9. The method of claim 1, wherein the heart failure comprises diastolic dysfunction, diastolic heart failure, and heart failure with preserved ejection fraction (HFpEF).

10. The method of claim 9, wherein the heart failure is HFpEF.

11. The method of claim 10, wherein the HFpEF arises as a result of autoimmune diseases, Diabetes Mellitus, hypertension, aging, and obesity.

12. The method of claim 1, further comprising the step, prior to administering, diagnosing the subject of having or at risk of having heart failure.
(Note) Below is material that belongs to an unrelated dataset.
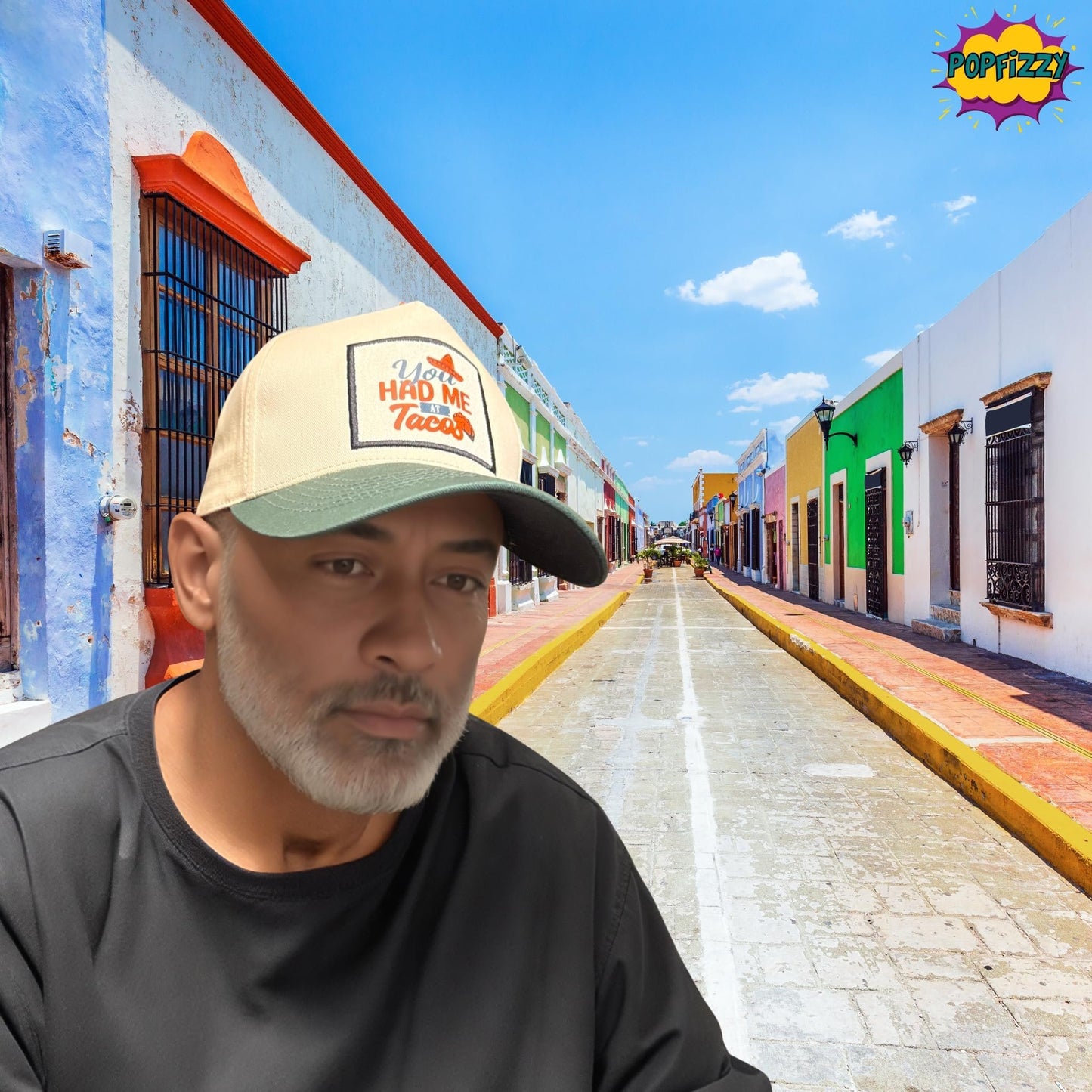 Popfizzy You Had Me at Tacos Hat for Men and Women, Fun Foodie Hat, Funny Taco Gifts for Adults, Adult Humor Caps, Adjustable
13. The method of claim 1, further comprising the step, prior to administering, receiving the results of an assay that diagnoses the subject of having or at risk of having heart failure.

14. The method of any one of claims 1-13, wherein the subject is a mammal.

15. The method of claim 14, wherein the mammal is human.

16. A method of treating or preventing heart failure, the method comprising administering a PAD4 inhibitor to a subject in need thereof, wherein the PAD4 inhibitor is JBI-589 or a derivative thereof.

17. A composition for the treatment or prevention of heart failure comprising a PAD4 inhibitor and a pharmaceutically acceptable carrier.

18. The composition of claim 17, wherein the PAD4 inhibitor is an antibody reagent, an inhibitory nucleic acid, or a small molecule.

19. The composition of claim 18, wherein the PAD4 inhibitor is JBI-589:

.

20. The composition of claim 17, wherein the heart failure comprises diastolic dysfunction, diastolic heart failure, and HFpEF.

21. The composition of claim 20, wherein the heart failure is HFpEF.

22. The composition of claim 21, wherein the HFpEF arises as a result of autoimmune diseases, Diabetes Mellitus, hypertension, aging, and obesity.

23. The composition of any one of claims 1-22, wherein the subject is a mammal.

24. The composition of claim 23, wherein the mammal is human.

25. A composition for treating or preventing heart failure, the composition comprising a PAD4 inhibitor, wherein the PAD4 inhibitor is JBI-589 or a derivative thereof.

26. Use of a composition comprising a PAD4 inhibitor for the treatment of prevention of heart failure, wherein the PAD4 inhibitor is JBI-589 or a derivative thereof.